Oleg, do you have any references for the extension of lambda-encoding of
data into dependently typed systems?
In particular, consider Nat:
nat_elim :: forall P:(Nat -> *). P 0 -> (forall n:Nat. P n -> P (succ
n)) -> (n:Nat) -> P n
The naive lambda-encoding of 'nat' in the untyped lambda-calculus has
exactly the correct form for passing to nat_elim:
nat_elim pZero pSucc n = n pZero pSucc
with
zero :: Nat
zero pZero pSucc = pZero
succ :: Nat -> Nat
succ n pZero pSucc = pSucc (n pZero pSucc)
But trying to encode the numerals this way leads to "Nat" referring to its
value in its type!
type Nat = forall P:(Nat -> *). P 0 -> (forall n:Nat. P n -> P (succ
n)) -> P ???
Is there a way out of this quagmire?
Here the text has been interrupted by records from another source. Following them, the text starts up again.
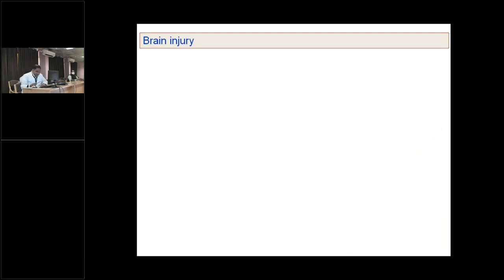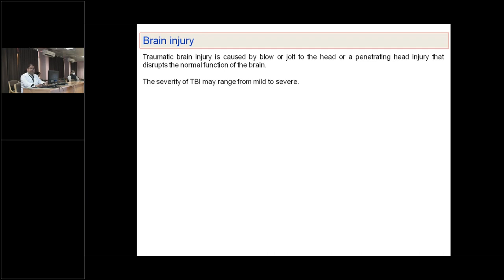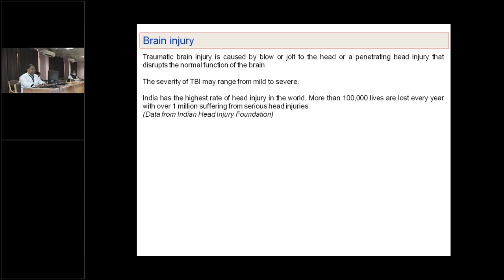Before going to the preclinical model, let me give a brief outline of brain injuries. Traumatic brain injury is caused by a blow or jolt to the head, or some kind of penetrating object to the brain, which leads to disruption of normal CNS function. It is delineated into different forms in terms of severity, ranging from mild to severe. From recent data from the Indian Head Injury Foundation, it has been noted that more than 100,000 lives are lost every year and over one million of the population has been suffering from serious head injuries.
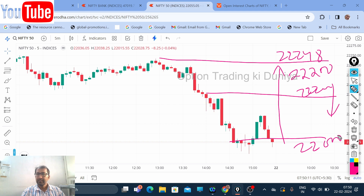What should be your hero and zero call? You can buy a 22,100 call in the beginning itself — that should be your trade in the morning on Nifty. You can get a jackpot Nifty expiry. If there is a gap below 22,200, you can buy the 22,100 put and hold it till the end of the day to make good profits.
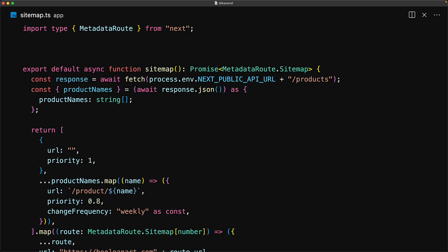Note that the sitemap route file is cached by default, so if you have dynamic entries like this one, a simple fix is to mark it as forced dynamic. The exact values you use will depend upon your site and how you want to present it to the search engines, but now you have the tools to get the job done.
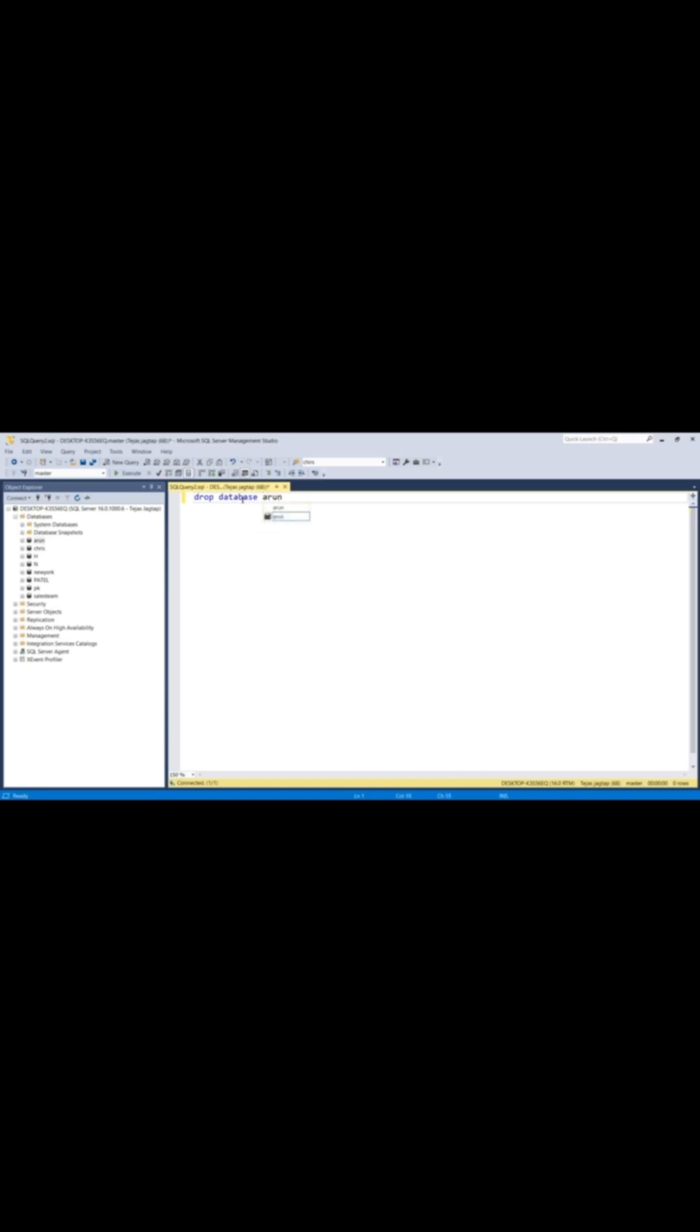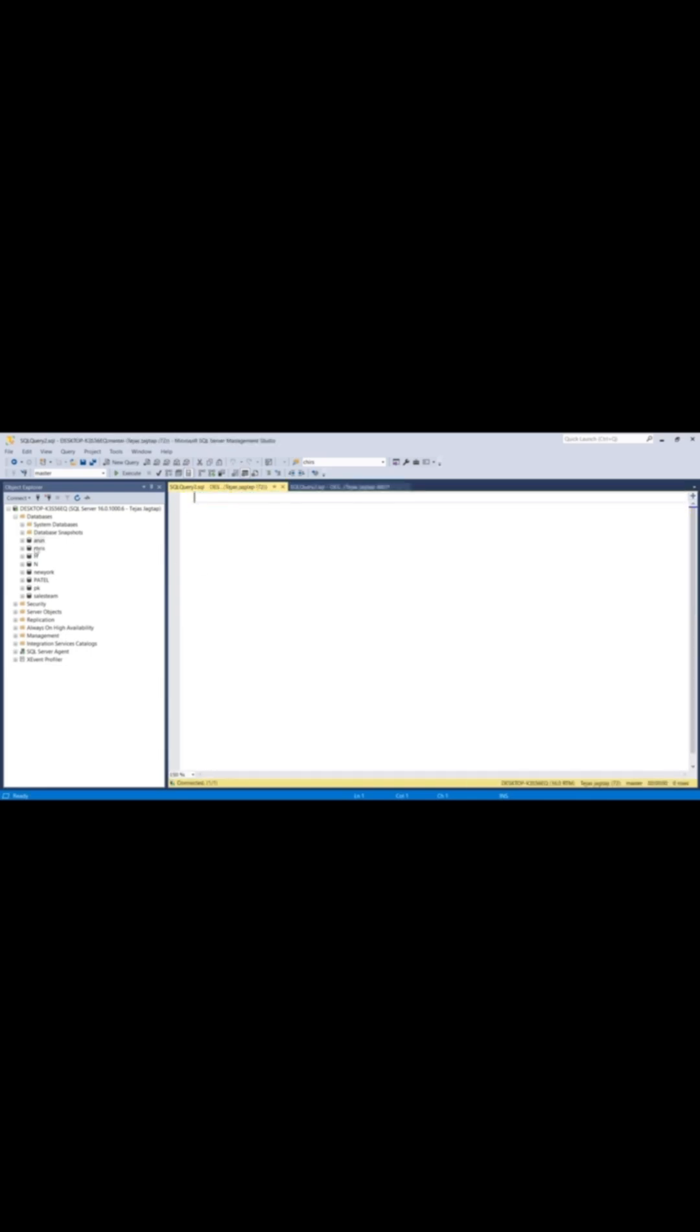There are two common ways to delete a database in SQL Server. First, just right-click on that database, hit delete, and confirm it. Second, using T-SQL. Just run drop database.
Or are we stuck defining actual
datatypes if we want dependent types?
-- ryan
On Tue, Sep 18, 2012 at 1:27 AM,
There has been a recent discussion of ``Church encoding'' of lists and the comparison with Scott encoding.
I'd like to point out that what is often called Church encoding is actually Boehm-Berarducci encoding. That is, often seen
newtype ChurchList a = CL { cataCL :: forall r. (a -> r -> r) -> r -> r }
(in http://community.haskell.org/%7Ewren/list-extras/Data/List/Church.hs )
is _not_ Church encoding. First of all, Church encoding is not typed and it is not tight. The following article explains the other difference between the encodings
http://okmij.org/ftp/tagless-final/course/Boehm-Berarducci.html
Boehm-Berarducci encoding is very insightful and influential. The authors truly deserve credit.